I wrote a piece called, “Monogamy in Gay Couples,” that has received a great deal of attention and a lot of comments. Although say, “Haven’t we beaten this subject to death?” and others profess to only subscribe to monogamy, a lot of others have mentioned that we love the idea of monogamy but just aren’t very good at it.
Erotic love diminishes and/or dies in a relationship, some would say after the first year. Couple become delusioned when their sex life seems to generate the same excitement it once did, but that is the progression of all relationships.
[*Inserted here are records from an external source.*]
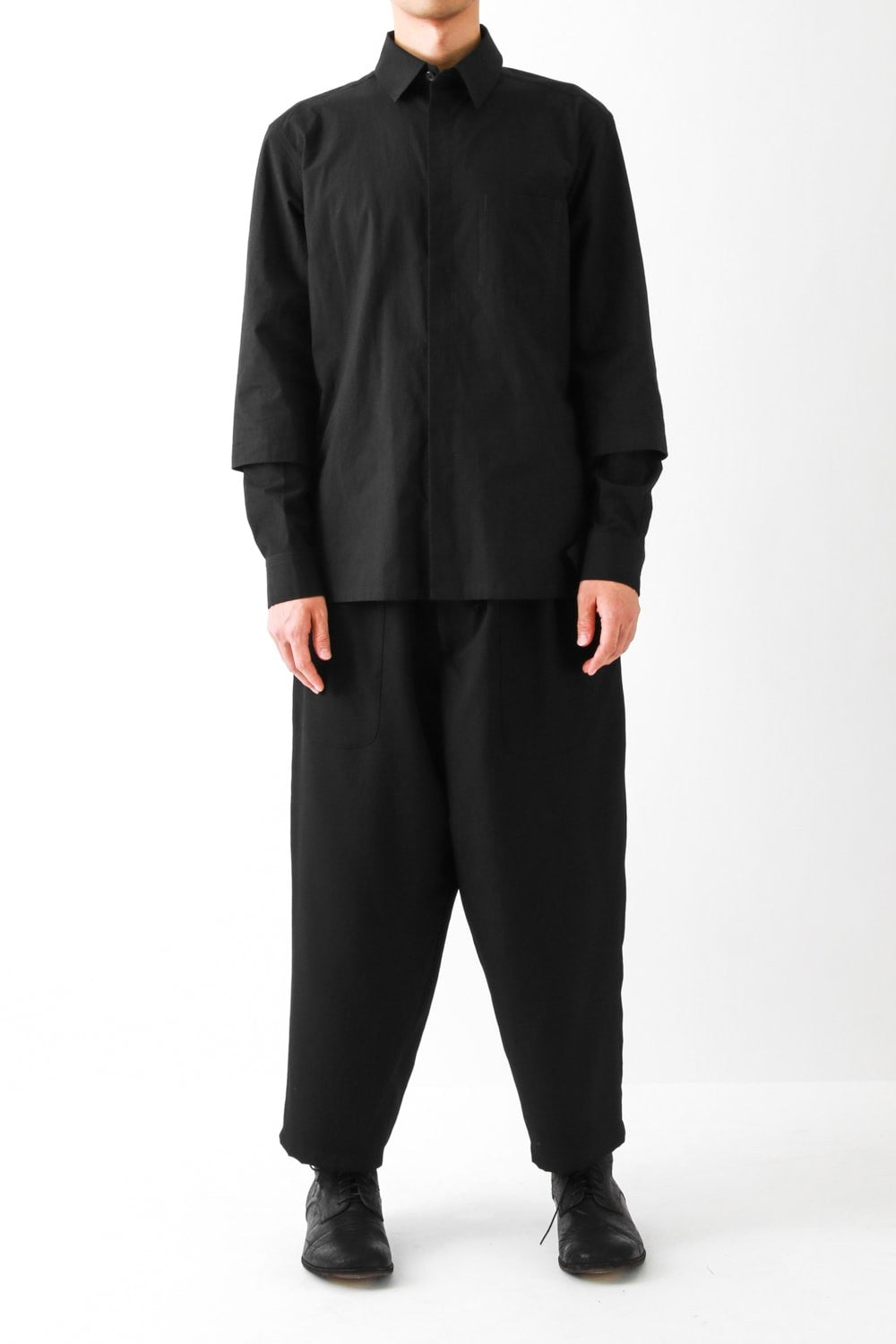 Double Layered Sleeve Fly Front Shirt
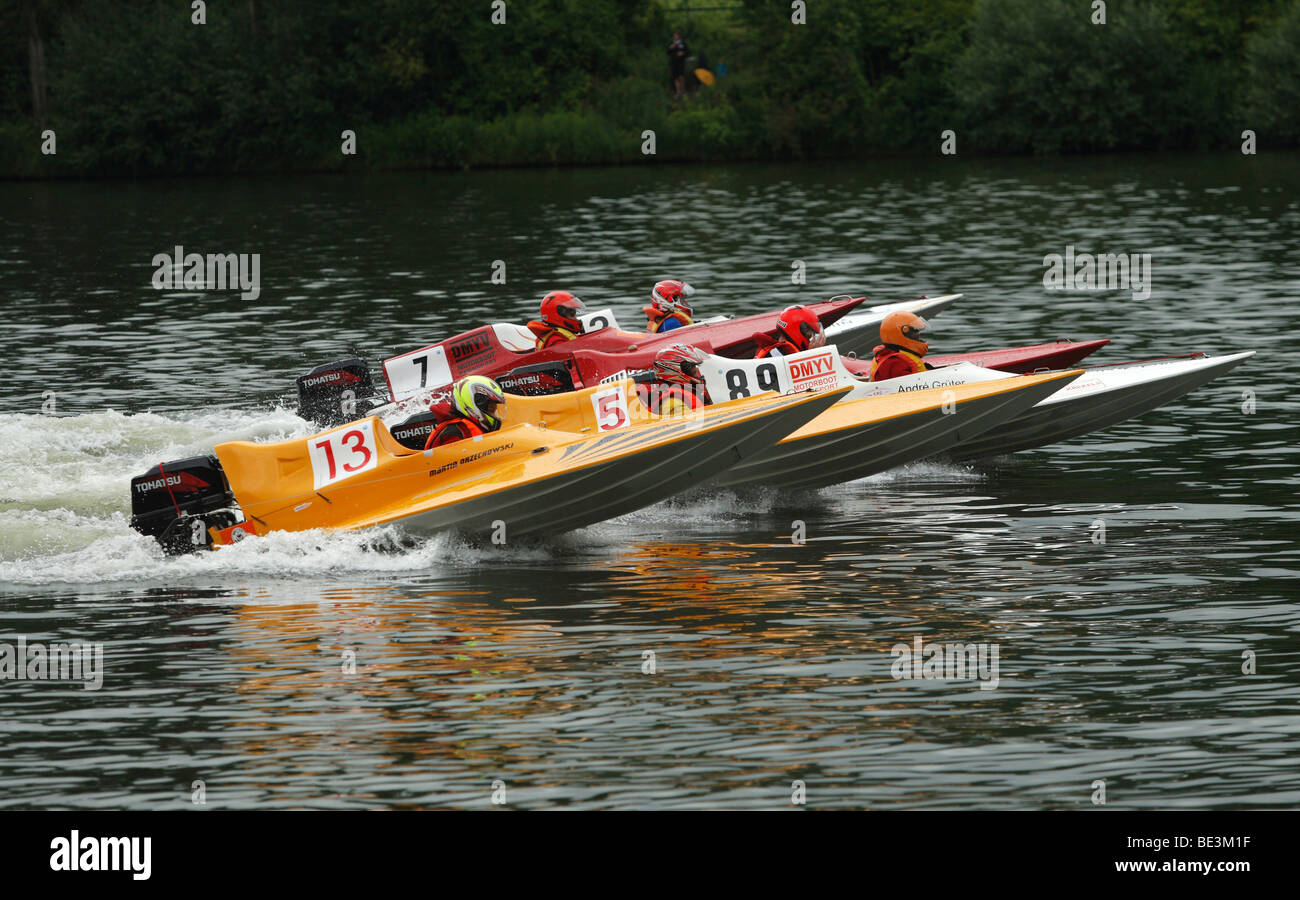 Speedboats launching in Brodenbach on the Moselle river at the International Motor Race, Brodenbach, Rhineland-Palatinate, Germ Stock Photo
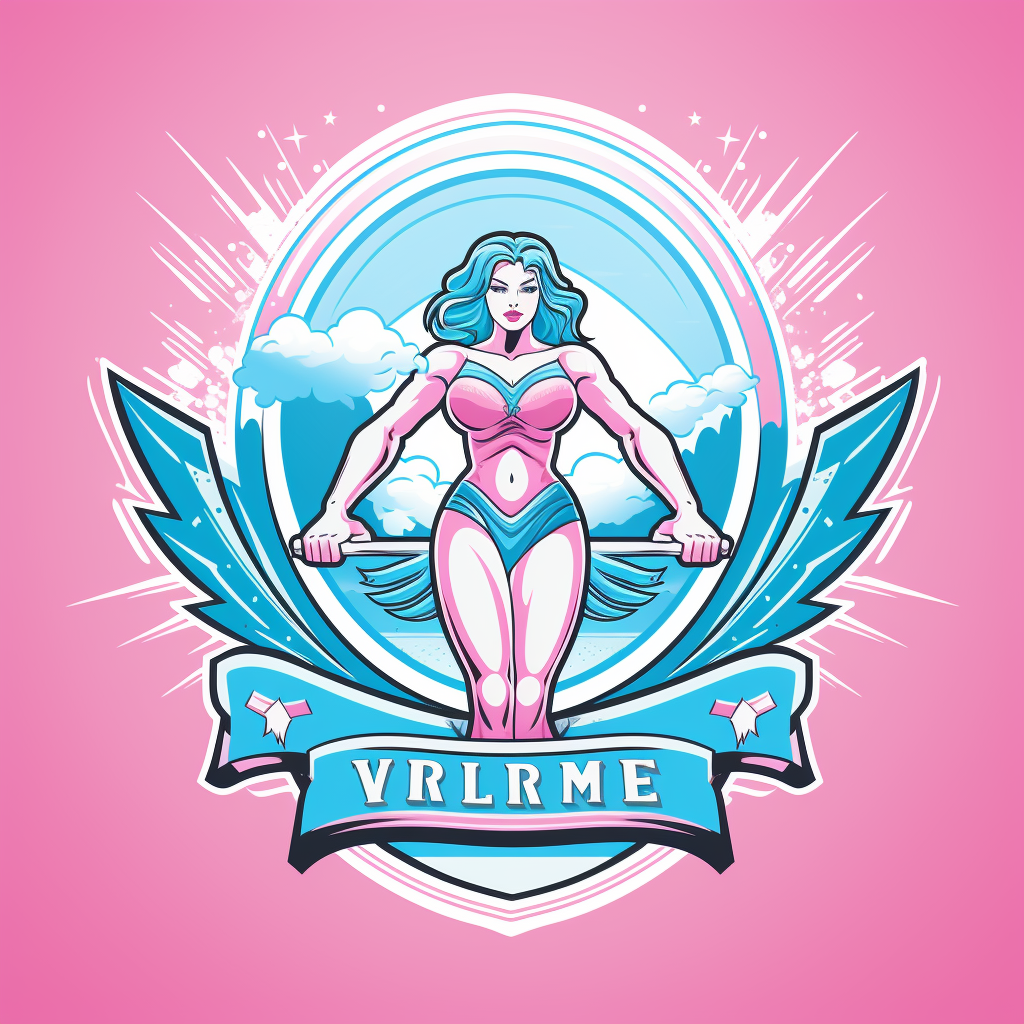 Logo Wrestling Track in Pink and Baby Blue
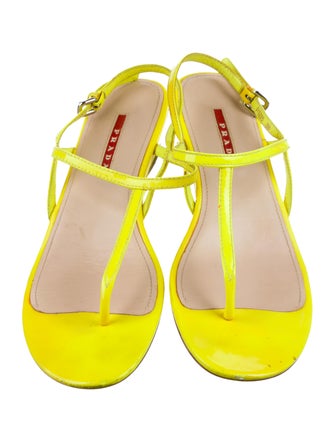 Prada Sport Patent Leather T-Strap Sandals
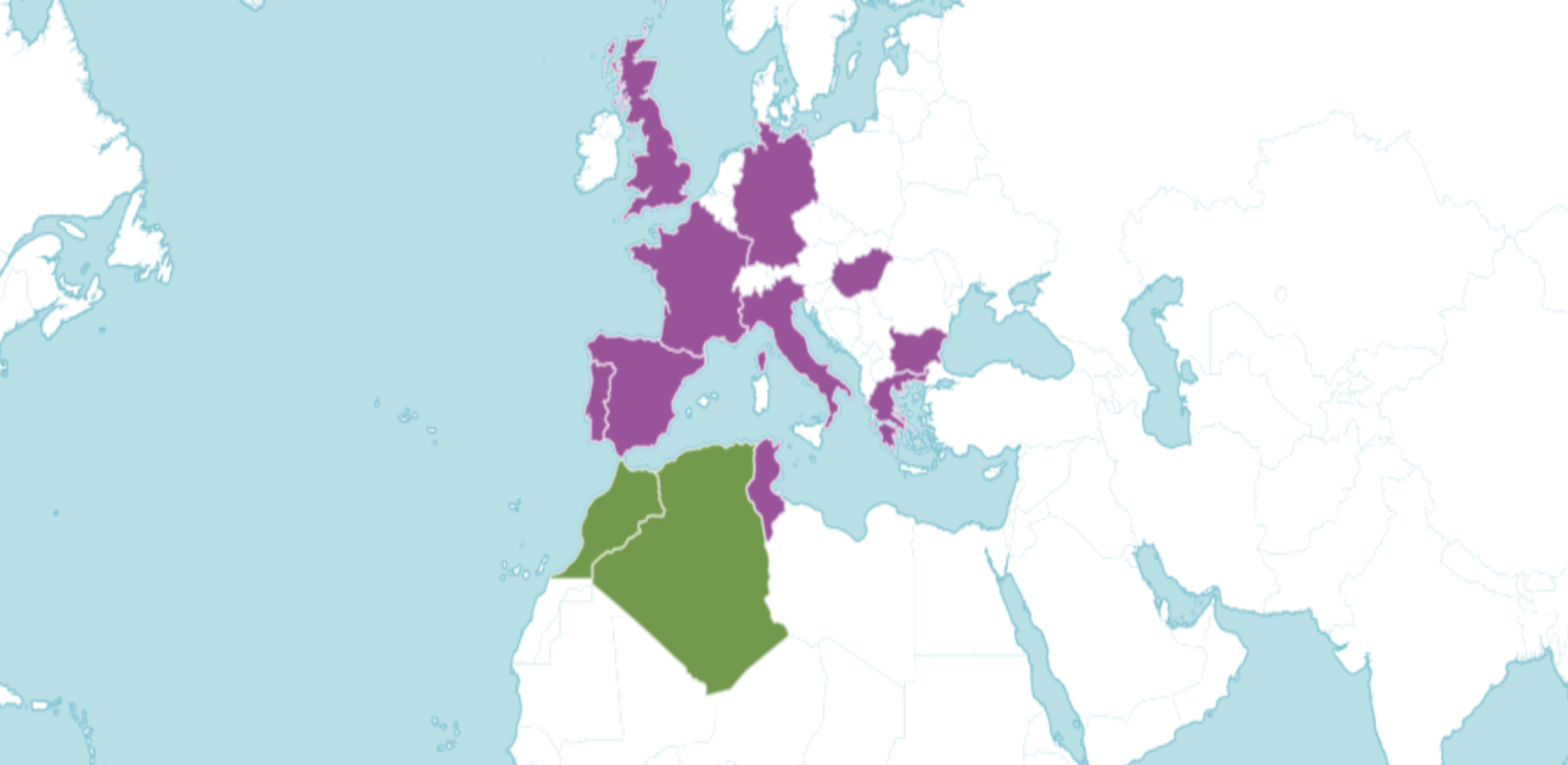 Distribution map of C. atlantica (POWO, 2024) Green indicates the native range and purple indicates where it has been introduced (POWO, 2024)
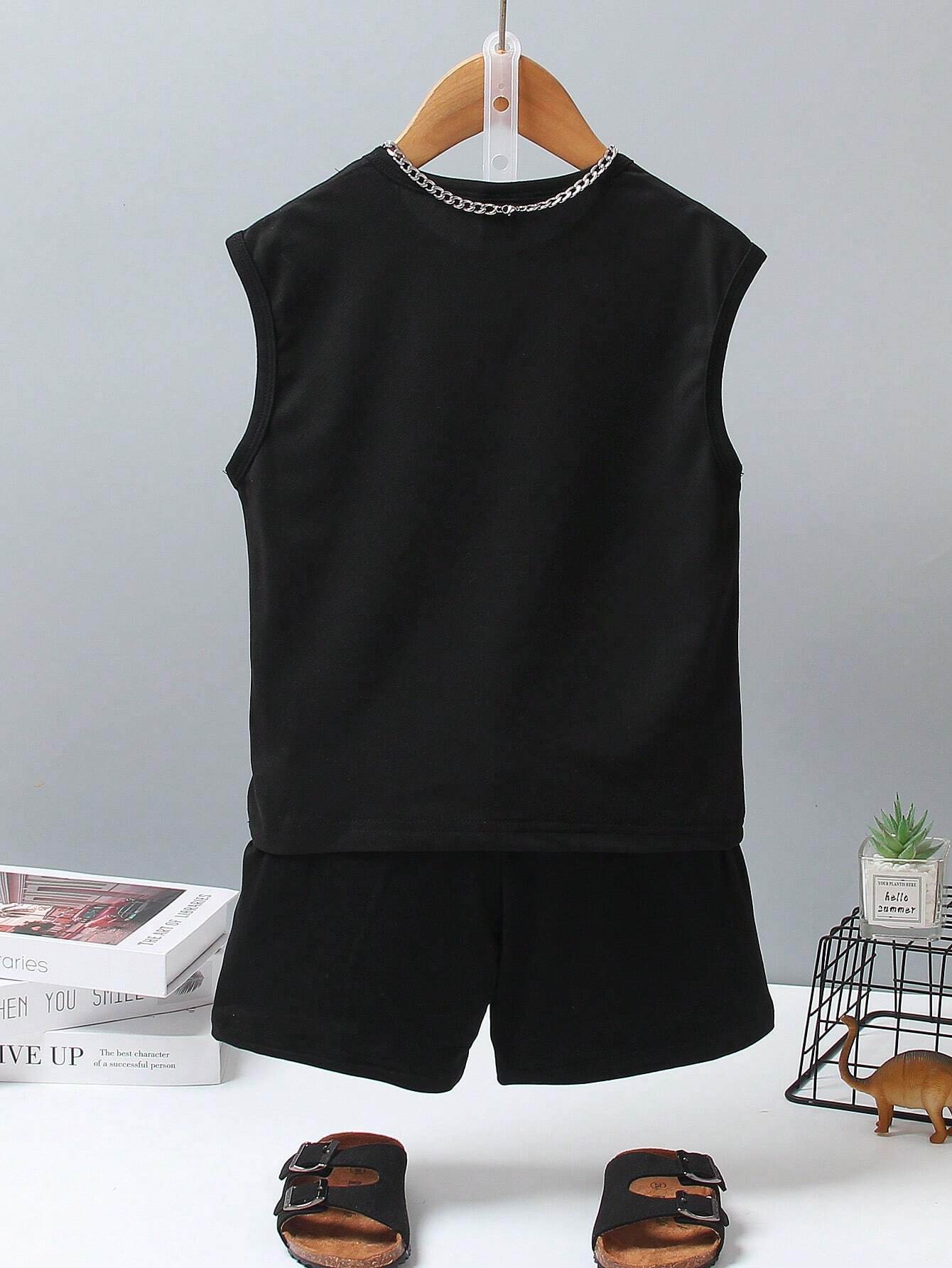 Cute Print Summer Tank Top and Shorts Set with Crew Neck for Kids - IRRAKIDS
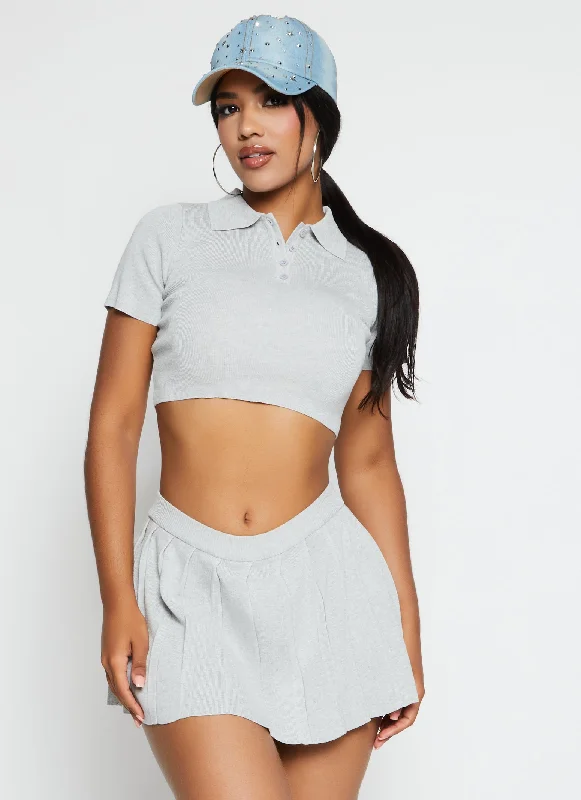 Daisy Solid Cropped Polo Shirt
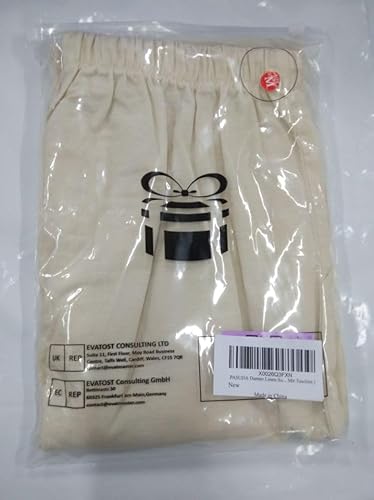 PASUDA Women's Trousers Summer Cotton Linen Cropped Wide Leg Pants Ladies Casual Lightweight Straight Elasticated Waist Loose Trousers with Pockets (Beige, XL) - Image 9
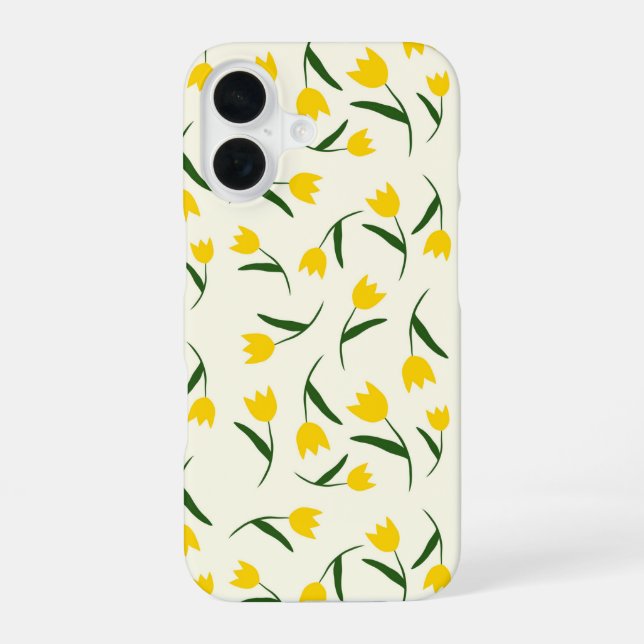 Gelbes Tulpenmuster  iPhone 16 Hülle (Rückseite)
Some accept that and look for ways in the relationship to rediscover excitement; other turn to others outside the relation for that or to bring in a third party to pump up the excitement.
Dan Savage speaks of “monogamish” relationships where there are intermittent brief departures from the rules of monogamy, and I’ve often suggest that perhaps we should have a free hall pass to explore a larger world, similar to the rumspringa in Amish communities. “Rumspringa” is translated into English as a period of “jumping or hopping around.” Its function is a period free of the constraints of the Amish community such that once the person gets this out of their system they can make an informed consent about returning to the more rigid restrictions of the community.
Perhaps all relationships could benefit from this freedom, a chance to discover that perhaps that freedom wasn’t all it was cracked up to be and the person returns to a stronger commitment to the values of the community or the relationship.
Many of us value monogamy, but we’re not very good at it, and there is a pressure to terminate a relationship if the boundaries of the relationship were breached: “One a cheater, always a cheater. Get rid of him/her.”
I believe that infidelity is more about lies and deception that it is about what one does with their genitalia, and you seem to recognize that that was your primary failing. I agree. Trust can be re-established. It does require forgiving yourself but it also involves accepting responsibility for your behavior and also a sense of empathy for what the other person experienced. The apology also demands a promise not to re-offend, but that might also involve a mutual agreement about re-negotiating the rules of the relationship to make it more monogamish or to allow for a rumspringa.